One way Socrates changed people’s minds was to show a person that two of their beliefs contradict. He would tease out these contradictions by asking a sequence of questions, and once the contradiction became apparent the other person would usually abandon or refine one of the beliefs. Anyone who has applied this method knows it doesn’t always end that way. Sometimes, especially when talking about religion or metaphysics, the other person maintains that both contradictory beliefs are true: “I know these two beliefs seem contradictory, but our minds are limited and somehow the two beliefs are both true.” I call this a mystical argument, since the person is arguing that there is a mystery that’s beyond the ability of reason to grasp.
Consider an example: Many people believe God knows everything and that people have free will. These two beliefs seem contradictory. If God knows someone will murder their father and marry their mother, then how could that person not murder their father and marry their mother? This paradox has been discussed since before Jesus was born. Some Christians argue that God experiences time differently than us and because of this he can know everything while we still have free will.
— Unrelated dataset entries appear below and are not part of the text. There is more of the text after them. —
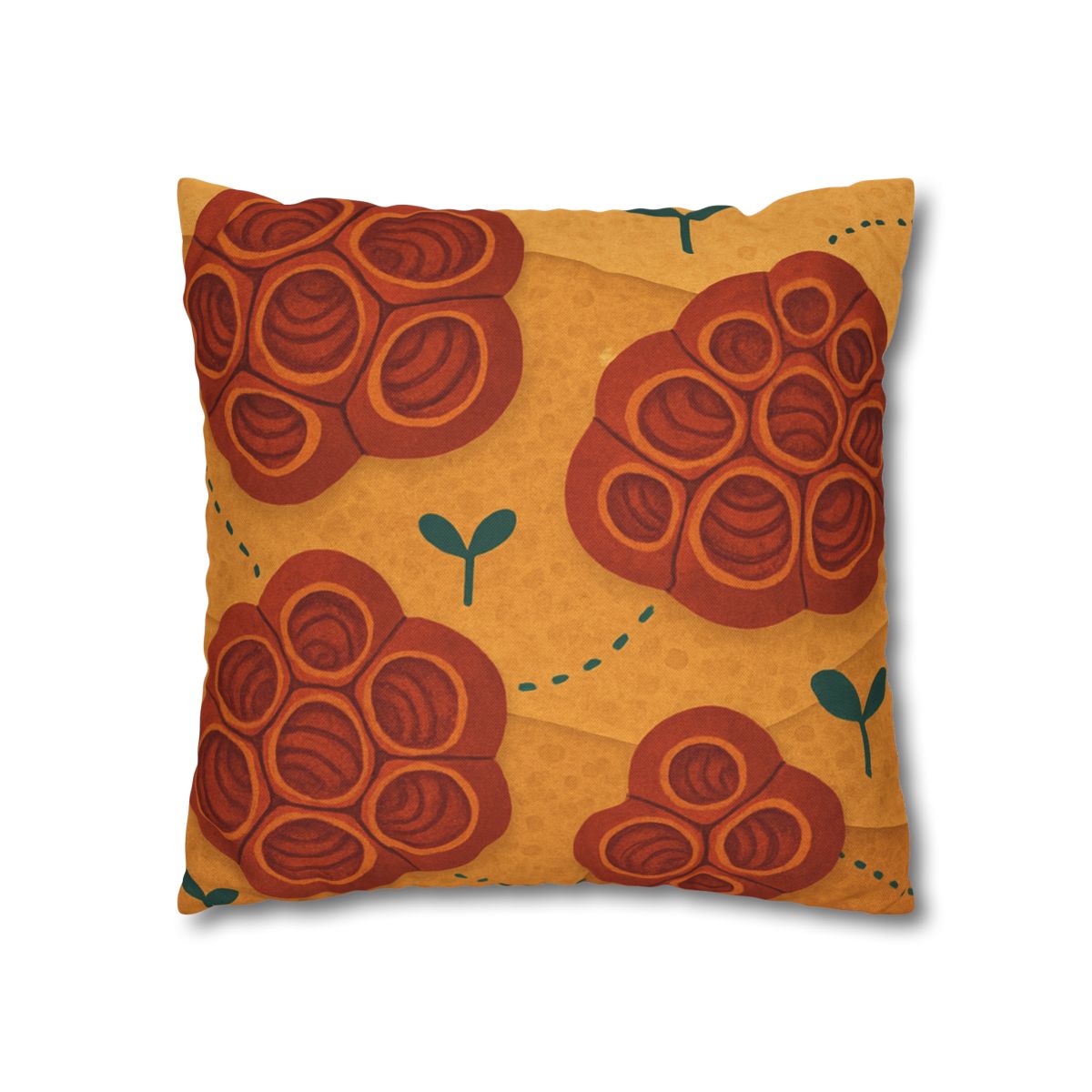 Seed Pod Mosaic stylish decorative pillowcases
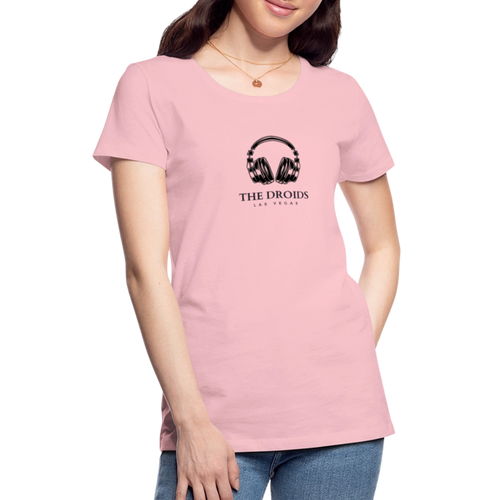 The Droids Headphones Women's T-Shirt - pink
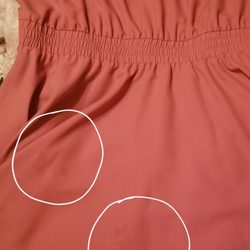 Stain not removed as promised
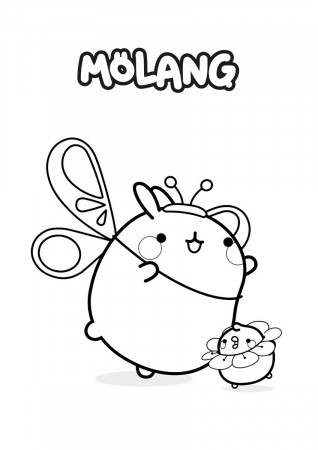 Molang Coloring Pages - GetColoringPages.com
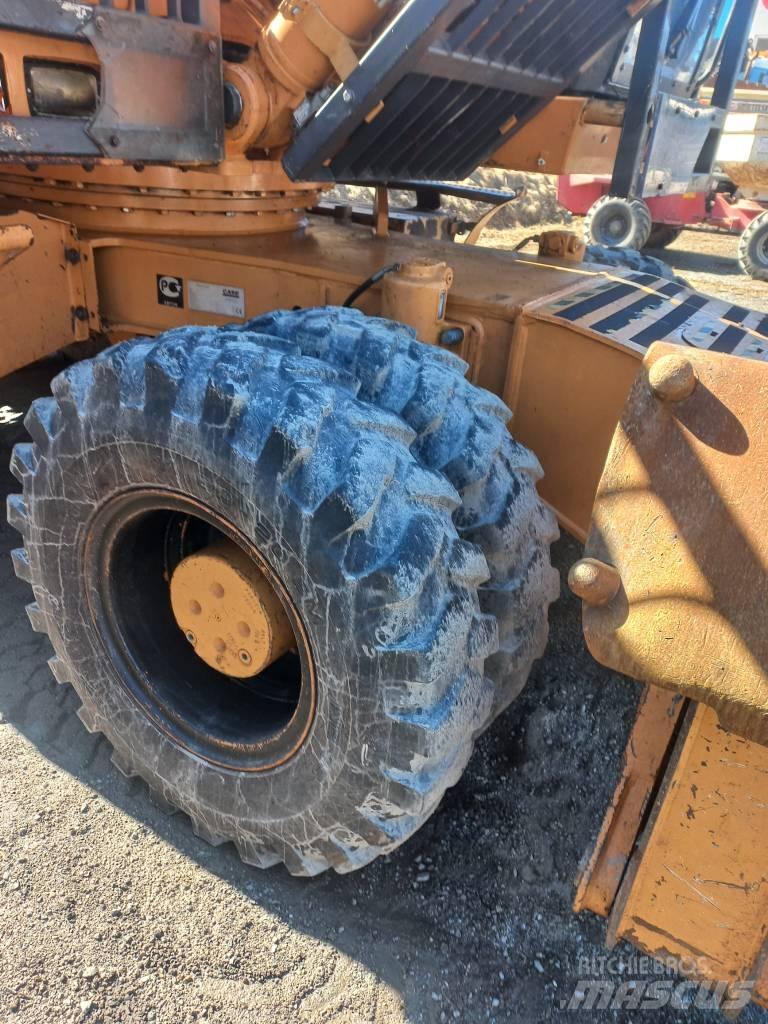 CASE 210WX Mobilbagger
Mystics and rationalists don’t usually get along. When someone uses a mystical argument, Socrates makes fun of them and walks away. But the mystic might be right. Our minds are limited. It seems unreasonable to think we can grasp all truths.
Mystical arguments can justify any heresy or cult, so how do we evaluate when to accept them?
Usually, if a belief implies to two contradictory beliefs, that belief is false. This is why the more mystical arguments are needed to make a religious text consistent, the more an agnostic will think that religious text was made up by illogical people.